Instrumental activities of daily living (IADL), which included preparing special meals or administering medications, spending time at medical visits, and attending to financial matters or social activities, required 22.4% of their time.
Here, the total mean IADL time for type 1 patients was 3.55 hours, 2.31 hours for type 2 patients, and 1.08 hours for type 3 individuals.
Activities other than BADL or IADL required a daily mean of 1.08 hours.
However, the authors pointed out that “caution is needed when interpreting the results by type of SMA when using a small sample size.”
Patients younger than 10 years old needed an average of 9.72 hours of caregiving, while those older than 10 required 10.64 hours per day on average.
In contrast, more time was needed for patients using non-invasive breathing support (12.39 hours of daily care time) compared with those who did not need breathing support (8.17 hours per day).
No major differences were found between patients from France (mean 9.32 hours) and Spain (9.1 hours), while patients in the U.K (12.5 hours) and Germany (10.65 hours) required the most care time.
No differences in care time were identified based on the patients’ gender; however, informal male caregivers provided an average of 12.92 hours of care, compared with 9.34 hours by female caregivers. The difference was present in all activities, with feeding and administering medicines driving the difference. Again, the authors caution that only 13 (19%) informal caregivers were male, which is a small sample size.

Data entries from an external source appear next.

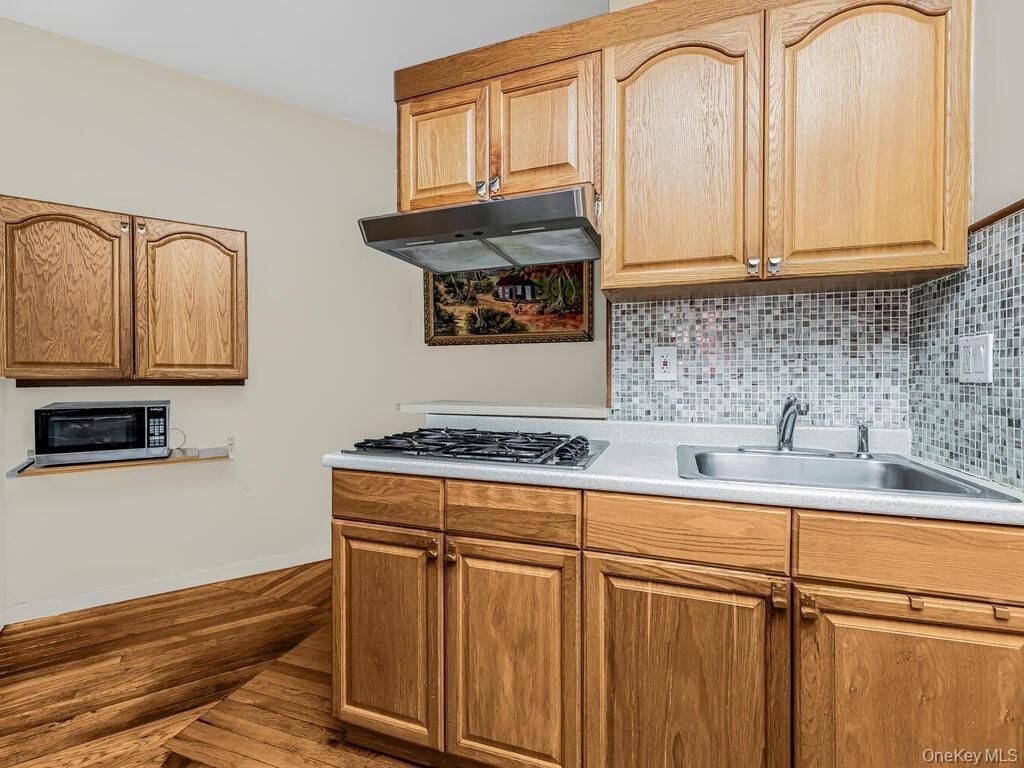 Photo of 91 E 208th Street #3K, Bronx, NY 10467 (MLS # 944738)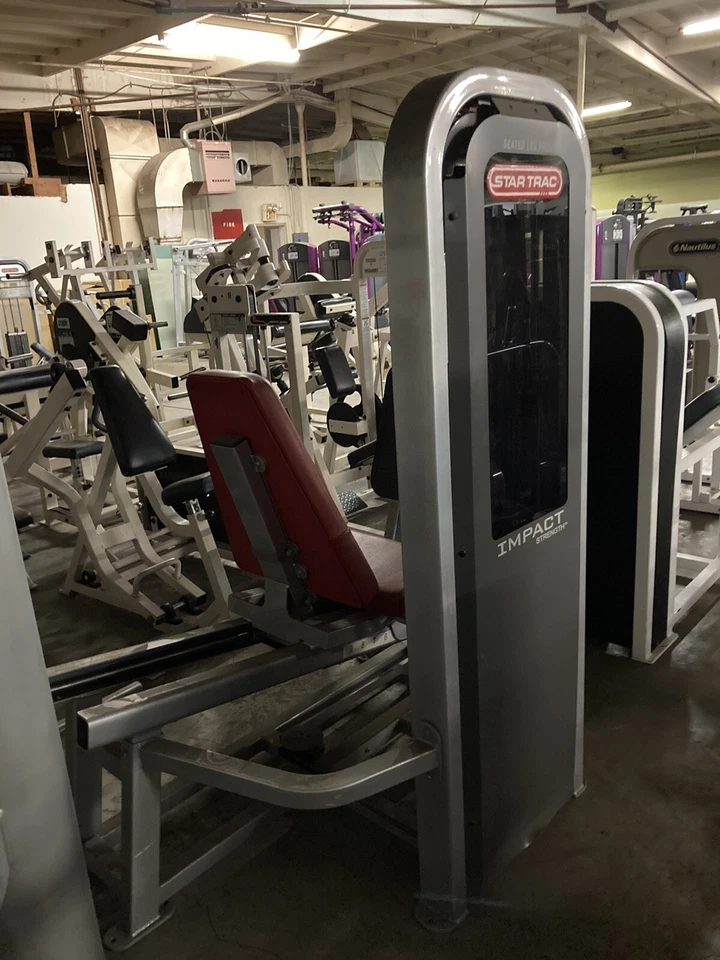 Prensa de piernas Star Trac Impact equipo de fitness de gimnasio seleccionado Foto 4 de 4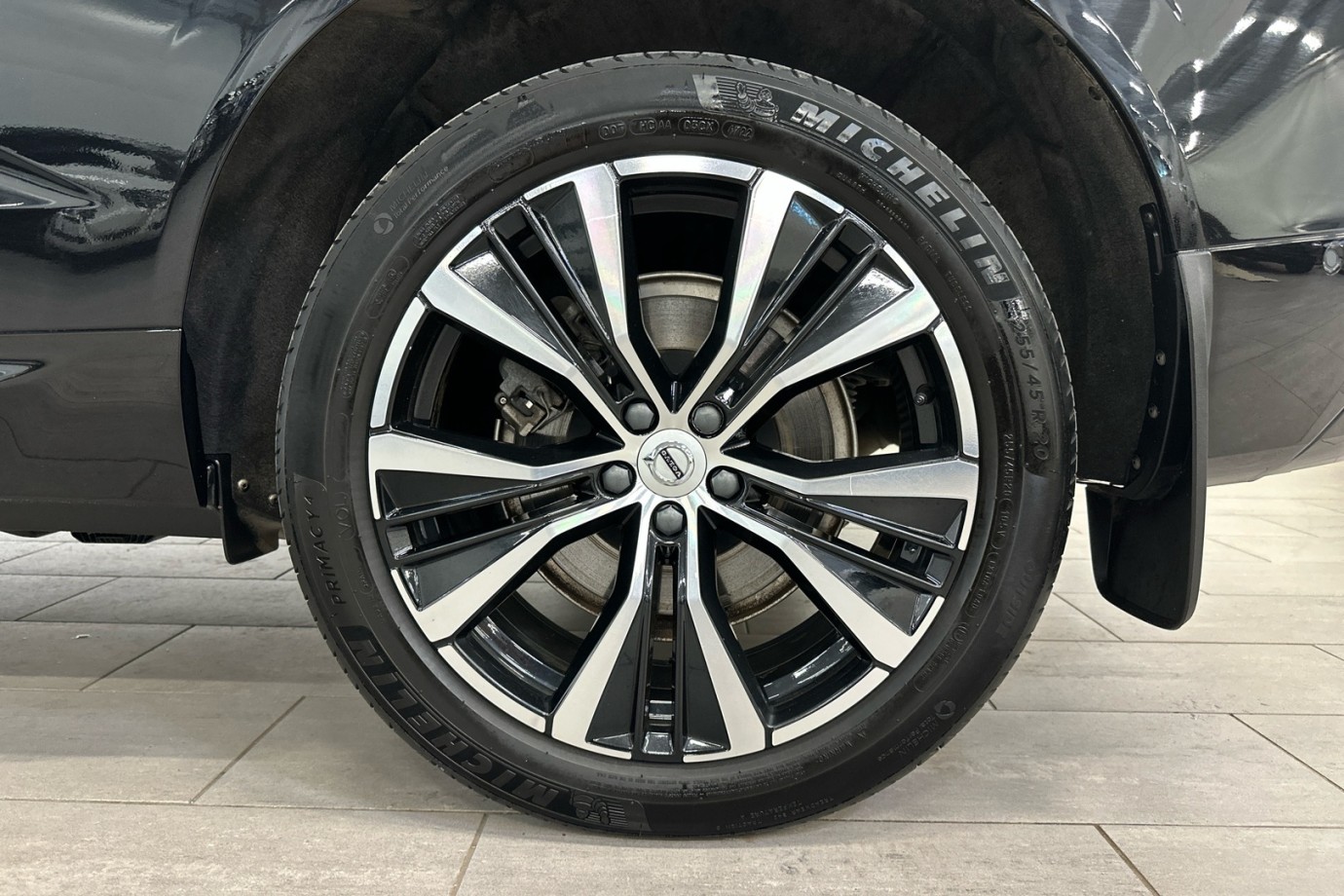 Esittelykuva VOLVO XC60 lataushybridiautosta.
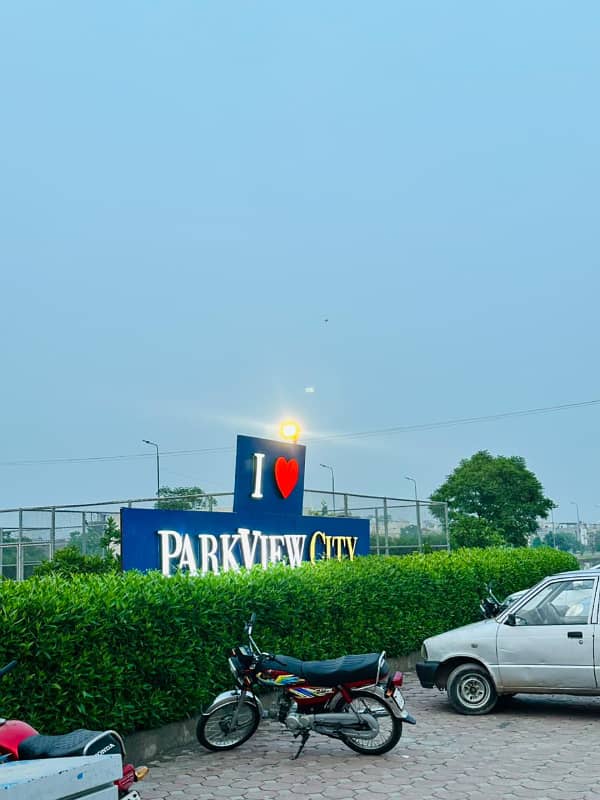 FACING PARK HOT LOCATION 5 MARLA PLOT IN TULIP EXT BLOCK 4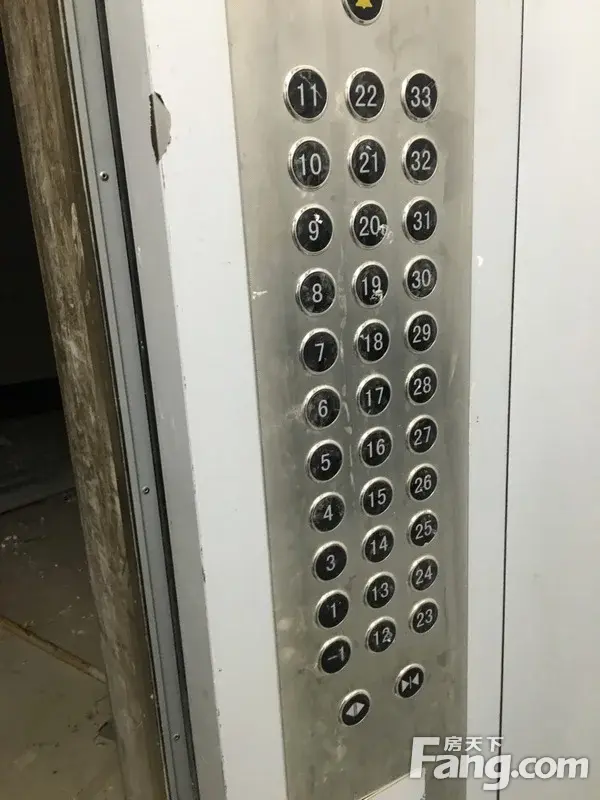 ½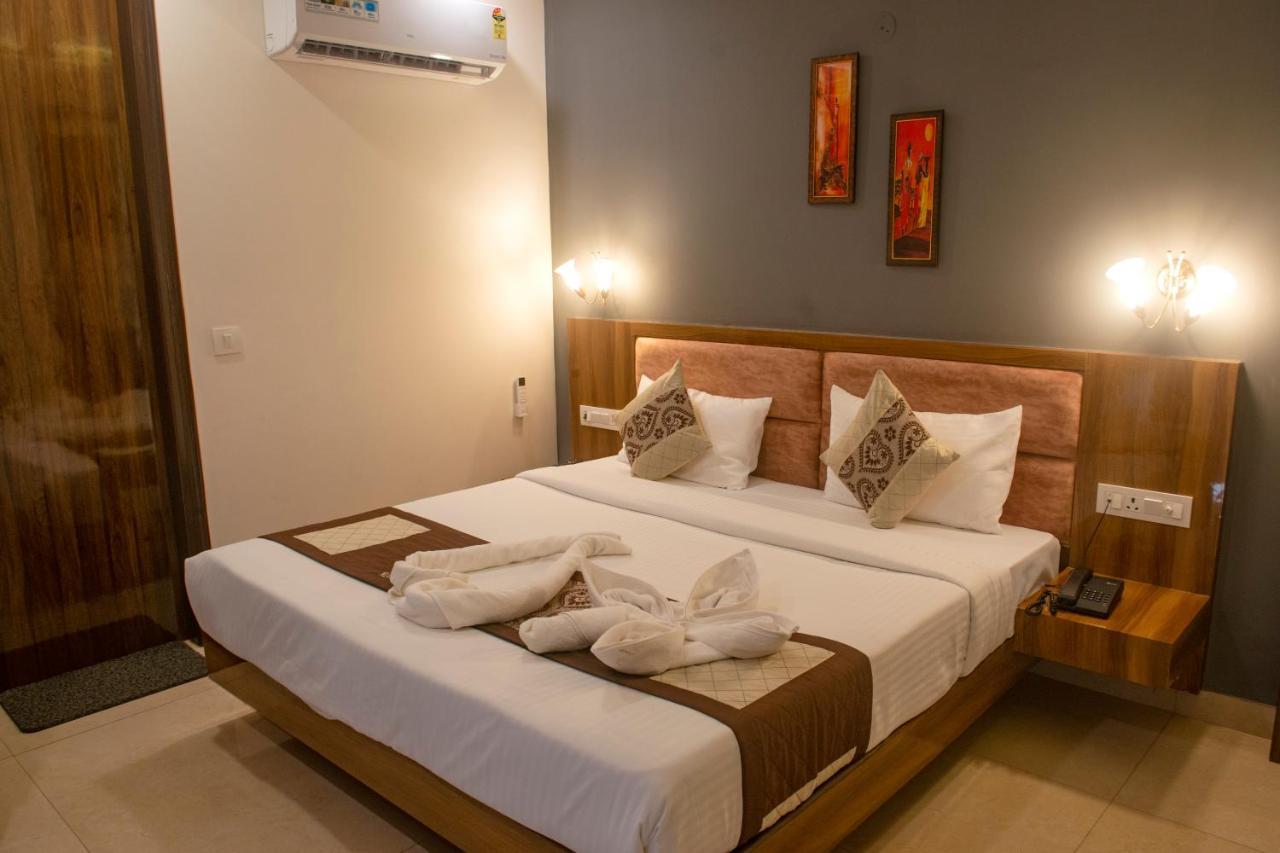 Posh Residency Huda City Center Gurgaon Exteriör bild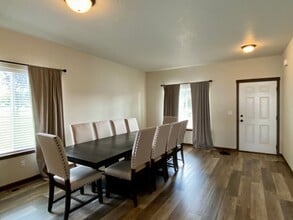 Building Photo - 8463 N Boysenberry Loop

A statistical analysis found a strong relationship between the type of SMA and the burden of care. The primary caregivers of type 1 patients had a 39% higher probability of providing more than 10 hours of daily care, compared with the caregivers of type 3 patients. In addition, the primary caregivers of type 1 patients were 34% less likely to provide fewer than five hours per day than type 3 caregivers.
These time-intensive care tasks were also found to have a negative effect on the lives of informal caregivers, with 56.1% of those employed saying they experienced work-related problems due to care priorities, 30.4% reported they took days off work, and 34.8% said they had trouble managing their work schedule.
Compared with other studies, the hours needed for informal care for SMA patients were very similar to the time required for other disabling diseases, including Duchenne muscular dystrophy, juvenile idiopathic arthritis, stroke, and Alzheimer’s disease.
“SMA has a high social impact, not only on the patients who suffer from this disease but also on their caregivers,” the researchers concluded. “The severity of SMA is positively associated with the duration of informal care.”
“The hours of informal care provided could, therefore, reflect a more understandable and quantifiable burden on families and relatives, which could be a useful tool when designing specific public policies aimed at reducing the impact of this disease in the family sphere,” the team added.